Atheism in Tudor England

Atheism is the belief that God does not exist. (1) By the time that the first Tudor king came to the throne in 1485 it had firmly established the law that heretics (people who maintain beliefs contrary to the established teachings of the Church) should be burned alive. Henry VII was a fairly tolerant ruler and it was over nine years before he ordered his first heretic to be burnt. On 28th April 1494, Joan Boughton, a woman in her eighties, was burnt at the stake at Smithfield for being a follower of John Wycliffe. (2)

The main cause of heresy in Tudor England concerned the dispute over the doctrine of transubstantiation. According to the teaching of the Catholic Church, the bread and the wine used in the sacrament of the Eucharist become in actual reality the body and blood of Christ. In May 1511 six men and four women, from Tenterden in Kent, were denounced as heretics for claiming that "the sacrament of the altar was not the body of Christ but merely material bread". They were all tried as heretics and they all recanted. However, two of the men had recanted before and so were burnt at the state. (3)

Henry VIII was a more energetic hunter of heretics and an estimated 81 people were burnt at the stake. However, it was his daughter Mary, who had the worst reputation for dealing with religious non-conformity. During her three year reign 227 men and 56 women were burnt for heresy. (4) This compare to only 81 heretics executed during the reign of Henry VIII (1509-1547). Mary's cruelty resulted in her being called "Bloody Mary". John Foxe, one of the first historians to write about Mary, claimed that she was an example of what could happen when "a lawful ruler was seduced by the Devil". (5)

Henry's other daughter, Elizabeth, took a very different view about the problems of heretics. During her reign of forty-five years only six heretics were burnt at the stake. These were radical Protestants known as Anabaptists. (6) Some of her officials believed she was too tolerant in her approach to religious non-conformity.

The Walter Rayleigh Group

In 1591 Robert Persons, a Catholic priest, published Responsio. Published first in Latin, over the next two years it went through eight editions in four languages. He alleged that William Cecil and other Privy Councillors lived as "mere atheists, and laughing at other men's simplicity in that behalf". Persons also claimed that Walter Raleigh was the leader of these atheists. "There is a flourishing and well known school of Atheism which Sir Walter Raleigh runs in his house, with a certain necromancer as teacher." It then went on to predict that some day an edict might appear in the Queen's name in which belief in God would be denied. (7)

Roderigo Lopez
Walter Raleigh by Nicholas Hilliard (1585)

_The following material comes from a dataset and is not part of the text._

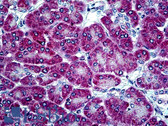 Anti-KLK13 / Kallikrein 13 Antibody (aa262-277) IHC-plus LS-B4756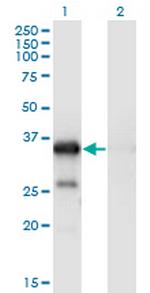 WBP2 Antibody in Western Blot (WB)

According to Paul Hyland, Raleigh was the leader of "a collection of thinkers, tightly knit or loosely grouped, whose passion was to explore the world and the mind". The group included the geographers, Richard Hakluyt and Robert Hues, the astrologer, Thomas Harriot, the mathematician, Walter Warner, and the writers, Christopher Marlowe, Thomas Kyd, George Chapman and Matthew Roydon. The men would either meet at the homes of Raleigh, Edward de Vere, 17th Earl of Oxford, and Henry Percy, 9th Earl of Northumberland. (8)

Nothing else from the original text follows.